Written by Anna Woerner from the Station Hill Campus

There was no one who knew the Old Testament law better than the first century Jews. Their customs encapsulated it, their days embodied it, and their religion embraced it. They lived by it, judged by it, and as much as their earthly authority allowed, condemned by it. For the Jews, the law gave them a sense of identity and security.

In and of itself, there were no problems with the law, except for one: nobody could keep it. As a result, the reigning issue was that the law wouldn’t—couldn’t— give them what they needed most: a right-standing relationship with a holy God. Instead, it only made their sin even more apparent. Despite this unending knowledge of their sin, the Jews only responded by doing what the law required—leaving little room for a true heart transformation.

Now that we have the whole of scripture at hand, it’s easy to balk at the notion that we would have been like the Jews. Yet while our identity and security may not hinge on the law of Moses, we do hold ourselves to our own microcosm of a law, standards we allow to project condemnation both on ourselves and on others.

This is often seen in our expectations. We are quick to label ourselves as inept, or another person as inconsiderate, when things don’t go our way. This became glaringly obvious with the onset of the events of 2020. The abrupt ending of, well, everything, created a startling displacement of our expectations. We thought we would be going on that vacation, our kids would be going to that camp, and our extra bonus would be going into that separate bank account.

Our expectations immediately became something we couldn’t live up to, and condemnation set in. If we didn’t feel like a failure, we felt like someone else was failing us. We like having our plans. But even more, we like when our plans cater to our personal kingdoms, where we write our own law. But only when our law is overpowered do we see the true state of our own hearts.

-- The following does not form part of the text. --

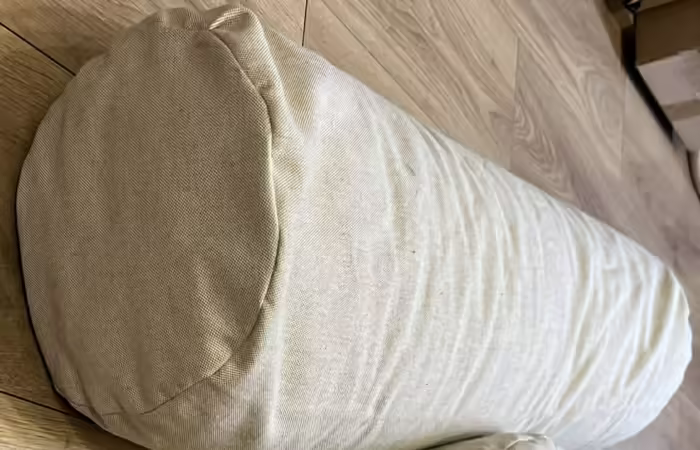 Henger párna - Bio tönkölybúza henger párna - Natúr, egyszínű Belső húzat nélkül Bio tönköly hengerpárna, jógázáshoz derékfájás ellen vagy csak pihenéshez.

This unveiling happened to the Jews when Christ called them on their self-exaltation, and it happens to us when He draws us away from ours. To be in Christ is to give up allegiance to ourselves, our desires, and yes, the self-imposed “laws” to which we cling. In Him there is no condemnation, earthly or eternally. In Him we live and move and have our being. In Him we have peace with God, and therefore, we have peace.

Questions to Ask Yourself

  1. Is it difficult for you to be at peace? If so, why?
  2. What are some ways you face self-condemnation when you don’t live up to your own expectations?
  3. How can you separate yourself from your expectations in order to maintain peace about where the Lord has you right now?

Missions Prayer
Pray for local partner ministry Youth Encouragement Services. This ministry serves two specific neighborhoods in Nashville with after school tutoring, games, a devotional, skills training, a hot meal, and help with navigating life issues. YES is a safe and encouraging place for students over years—often the YES staff helps students apply for college and beyond. Pray for the gospel to be shared and lived out daily at Youth Encouragement Services.